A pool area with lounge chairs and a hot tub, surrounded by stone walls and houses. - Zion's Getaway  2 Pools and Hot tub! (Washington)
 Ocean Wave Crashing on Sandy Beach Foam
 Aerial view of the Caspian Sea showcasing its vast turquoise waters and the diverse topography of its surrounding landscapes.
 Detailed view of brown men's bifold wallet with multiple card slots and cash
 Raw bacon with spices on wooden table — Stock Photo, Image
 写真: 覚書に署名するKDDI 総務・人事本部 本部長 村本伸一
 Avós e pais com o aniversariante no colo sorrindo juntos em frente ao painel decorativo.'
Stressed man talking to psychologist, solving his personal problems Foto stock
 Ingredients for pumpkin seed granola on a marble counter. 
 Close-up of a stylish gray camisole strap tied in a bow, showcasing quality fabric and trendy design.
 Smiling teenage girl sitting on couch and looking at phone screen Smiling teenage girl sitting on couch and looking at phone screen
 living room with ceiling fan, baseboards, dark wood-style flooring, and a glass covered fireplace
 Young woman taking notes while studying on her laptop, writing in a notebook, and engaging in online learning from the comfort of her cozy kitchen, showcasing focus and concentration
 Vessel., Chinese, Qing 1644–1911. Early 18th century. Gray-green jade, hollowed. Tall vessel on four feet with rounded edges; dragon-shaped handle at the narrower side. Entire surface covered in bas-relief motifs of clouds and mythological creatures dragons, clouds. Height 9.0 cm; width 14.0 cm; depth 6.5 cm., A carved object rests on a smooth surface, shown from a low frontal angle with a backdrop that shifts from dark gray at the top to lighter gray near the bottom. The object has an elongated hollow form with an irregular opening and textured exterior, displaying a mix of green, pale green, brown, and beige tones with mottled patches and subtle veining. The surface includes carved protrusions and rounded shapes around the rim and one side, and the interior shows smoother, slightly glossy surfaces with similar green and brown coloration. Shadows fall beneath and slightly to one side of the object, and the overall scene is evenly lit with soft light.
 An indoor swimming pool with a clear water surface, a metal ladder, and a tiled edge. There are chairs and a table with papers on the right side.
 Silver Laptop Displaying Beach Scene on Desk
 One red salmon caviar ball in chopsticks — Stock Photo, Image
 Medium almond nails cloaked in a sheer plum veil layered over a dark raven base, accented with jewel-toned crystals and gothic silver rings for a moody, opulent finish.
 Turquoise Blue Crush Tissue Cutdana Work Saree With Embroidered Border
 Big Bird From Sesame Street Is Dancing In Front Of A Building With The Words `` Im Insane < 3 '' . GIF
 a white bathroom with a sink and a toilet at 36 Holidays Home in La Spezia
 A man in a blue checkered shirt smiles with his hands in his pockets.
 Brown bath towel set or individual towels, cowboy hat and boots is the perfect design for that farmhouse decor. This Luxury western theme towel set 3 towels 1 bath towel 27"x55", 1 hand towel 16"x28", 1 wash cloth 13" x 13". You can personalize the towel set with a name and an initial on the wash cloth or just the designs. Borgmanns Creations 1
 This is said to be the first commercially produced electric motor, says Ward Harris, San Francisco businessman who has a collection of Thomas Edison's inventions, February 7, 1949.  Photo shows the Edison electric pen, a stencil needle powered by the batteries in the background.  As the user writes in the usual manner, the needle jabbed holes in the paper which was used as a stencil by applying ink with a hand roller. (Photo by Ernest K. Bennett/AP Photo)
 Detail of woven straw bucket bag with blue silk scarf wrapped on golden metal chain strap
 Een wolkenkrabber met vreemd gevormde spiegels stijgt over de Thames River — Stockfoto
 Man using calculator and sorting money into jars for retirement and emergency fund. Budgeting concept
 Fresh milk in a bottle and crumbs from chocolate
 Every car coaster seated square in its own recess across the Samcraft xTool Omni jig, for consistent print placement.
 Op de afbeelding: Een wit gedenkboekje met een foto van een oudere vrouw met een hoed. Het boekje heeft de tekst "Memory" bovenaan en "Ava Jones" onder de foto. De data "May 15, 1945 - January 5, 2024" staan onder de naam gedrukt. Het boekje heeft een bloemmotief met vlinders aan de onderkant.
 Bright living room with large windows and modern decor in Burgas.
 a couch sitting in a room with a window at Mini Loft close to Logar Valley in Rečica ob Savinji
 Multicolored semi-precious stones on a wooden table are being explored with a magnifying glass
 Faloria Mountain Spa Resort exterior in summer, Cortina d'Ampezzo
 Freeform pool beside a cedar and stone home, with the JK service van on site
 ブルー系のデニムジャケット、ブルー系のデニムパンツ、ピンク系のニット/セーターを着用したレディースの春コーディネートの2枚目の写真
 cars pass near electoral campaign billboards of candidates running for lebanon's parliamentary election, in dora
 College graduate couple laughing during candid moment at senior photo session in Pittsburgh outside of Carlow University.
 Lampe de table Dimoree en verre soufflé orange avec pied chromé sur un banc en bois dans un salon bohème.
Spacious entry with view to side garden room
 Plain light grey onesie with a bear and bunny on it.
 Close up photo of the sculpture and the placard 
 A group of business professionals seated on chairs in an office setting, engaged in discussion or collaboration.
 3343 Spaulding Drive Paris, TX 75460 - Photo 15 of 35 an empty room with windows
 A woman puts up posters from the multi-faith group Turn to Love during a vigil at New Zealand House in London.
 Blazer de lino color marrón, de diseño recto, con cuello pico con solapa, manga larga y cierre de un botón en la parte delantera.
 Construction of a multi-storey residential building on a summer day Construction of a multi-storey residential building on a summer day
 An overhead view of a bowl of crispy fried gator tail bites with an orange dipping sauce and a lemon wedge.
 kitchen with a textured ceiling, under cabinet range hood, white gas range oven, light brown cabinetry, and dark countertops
★ ★ ★
Write the records out again so that each one matches the original exactly.

• RESPONSE BELOW:
A pool area with lounge chairs and a hot tub, surrounded by stone walls and houses. - Zion's Getaway  2 Pools and Hot tub! (Washington)
 Ocean Wave Crashing on Sandy Beach Foam
 Aerial view of the Caspian Sea showcasing its vast turquoise waters and the diverse topography of its surrounding landscapes.
 Detailed view of brown men's bifold wallet with multiple card slots and cash
 Raw bacon with spices on wooden table — Stock Photo, Image
 写真: 覚書に署名するKDDI 総務・人事本部 本部長 村本伸一
 Avós e pais com o aniversariante no colo sorrindo juntos em frente ao painel decorativo.'
Stressed man talking to psychologist, solving his personal problems Foto stock
 Ingredients for pumpkin seed granola on a marble counter. 
 Close-up of a stylish gray camisole strap tied in a bow, showcasing quality fabric and trendy design.
 Smiling teenage girl sitting on couch and looking at phone screen Smiling teenage girl sitting on couch and looking at phone screen
 living room with ceiling fan, baseboards, dark wood-style flooring, and a glass covered fireplace
 Young woman taking notes while studying on her laptop, writing in a notebook, and engaging in online learning from the comfort of her cozy kitchen, showcasing focus and concentration
 Vessel., Chinese, Qing 1644–1911. Early 18th century. Gray-green jade, hollowed. Tall vessel on four feet with rounded edges; dragon-shaped handle at the narrower side. Entire surface covered in bas-relief motifs of clouds and mythological creatures dragons, clouds. Height 9.0 cm; width 14.0 cm; depth 6.5 cm., A carved object rests on a smooth surface, shown from a low frontal angle with a backdrop that shifts from dark gray at the top to lighter gray near the bottom. The object has an elongated hollow form with an irregular opening and textured exterior, displaying a mix of green, pale green, brown, and beige tones with mottled patches and subtle veining. The surface includes carved protrusions and rounded shapes around the rim and one side, and the interior shows smoother, slightly glossy surfaces with similar green and brown coloration. Shadows fall beneath and slightly to one side of the object, and the overall scene is evenly lit with soft light.
 An indoor swimming pool with a clear water surface, a metal ladder, and a tiled edge. There are chairs and a table with papers on the right side.
 Silver Laptop Displaying Beach Scene on Desk
 One red salmon caviar ball in chopsticks — Stock Photo, Image
 Medium almond nails cloaked in a sheer plum veil layered over a dark raven base, accented with jewel-toned crystals and gothic silver rings for a moody, opulent finish.
 Turquoise Blue Crush Tissue Cutdana Work Saree With Embroidered Border
 Big Bird From Sesame Street Is Dancing In Front Of A Building With The Words `` Im Insane < 3 '' . GIF
 a white bathroom with a sink and a toilet at 36 Holidays Home in La Spezia
 A man in a blue checkered shirt smiles with his hands in his pockets.
 Brown bath towel set or individual towels, cowboy hat and boots is the perfect design for that farmhouse decor. This Luxury western theme towel set 3 towels 1 bath towel 27"x55", 1 hand towel 16"x28", 1 wash cloth 13" x 13". You can personalize the towel set with a name and an initial on the wash cloth or just the designs. Borgmanns Creations 1
 This is said to be the first commercially produced electric motor, says Ward Harris, San Francisco businessman who has a collection of Thomas Edison's inventions, February 7, 1949.  Photo shows the Edison electric pen, a stencil needle powered by the batteries in the background.  As the user writes in the usual manner, the needle jabbed holes in the paper which was used as a stencil by applying ink with a hand roller. (Photo by Ernest K. Bennett/AP Photo)
 Detail of woven straw bucket bag with blue silk scarf wrapped on golden metal chain strap
 Een wolkenkrabber met vreemd gevormde spiegels stijgt over de Thames River — Stockfoto
 Man using calculator and sorting money into jars for retirement and emergency fund. Budgeting concept
 Fresh milk in a bottle and crumbs from chocolate
 Every car coaster seated square in its own recess across the Samcraft xTool Omni jig, for consistent print placement.
 Op de afbeelding: Een wit gedenkboekje met een foto van een oudere vrouw met een hoed. Het boekje heeft de tekst "Memory" bovenaan en "Ava Jones" onder de foto. De data "May 15, 1945 - January 5, 2024" staan onder de naam gedrukt. Het boekje heeft een bloemmotief met vlinders aan de onderkant.
 Bright living room with large windows and modern decor in Burgas.
 a couch sitting in a room with a window at Mini Loft close to Logar Valley in Rečica ob Savinji
 Multicolored semi-precious stones on a wooden table are being explored with a magnifying glass
 Faloria Mountain Spa Resort exterior in summer, Cortina d'Ampezzo
 Freeform pool beside a cedar and stone home, with the JK service van on site
 ブルー系のデニムジャケット、ブルー系のデニムパンツ、ピンク系のニット/セーターを着用したレディースの春コーディネートの2枚目の写真
 cars pass near electoral campaign billboards of candidates running for lebanon's parliamentary election, in dora
 College graduate couple laughing during candid moment at senior photo session in Pittsburgh outside of Carlow University.
 Lampe de table Dimoree en verre soufflé orange avec pied chromé sur un banc en bois dans un salon bohème.
Spacious entry with view to side garden room
 Plain light grey onesie with a bear and bunny on it.
 Close up photo of the sculpture and the placard 
 A group of business professionals seated on chairs in an office setting, engaged in discussion or collaboration.
 3343 Spaulding Drive Paris, TX 75460 - Photo 15 of 35 an empty room with windows
 A woman puts up posters from the multi-faith group Turn to Love during a vigil at New Zealand House in London.
 Blazer de lino color marrón, de diseño recto, con cuello pico con solapa, manga larga y cierre de un botón en la parte delantera.
 Construction of a multi-storey residential building on a summer day Construction of a multi-storey residential building on a summer day
 An overhead view of a bowl of crispy fried gator tail bites with an orange dipping sauce and a lemon wedge.
 kitchen with a textured ceiling, under cabinet range hood, white gas range oven, light brown cabinetry, and dark countertops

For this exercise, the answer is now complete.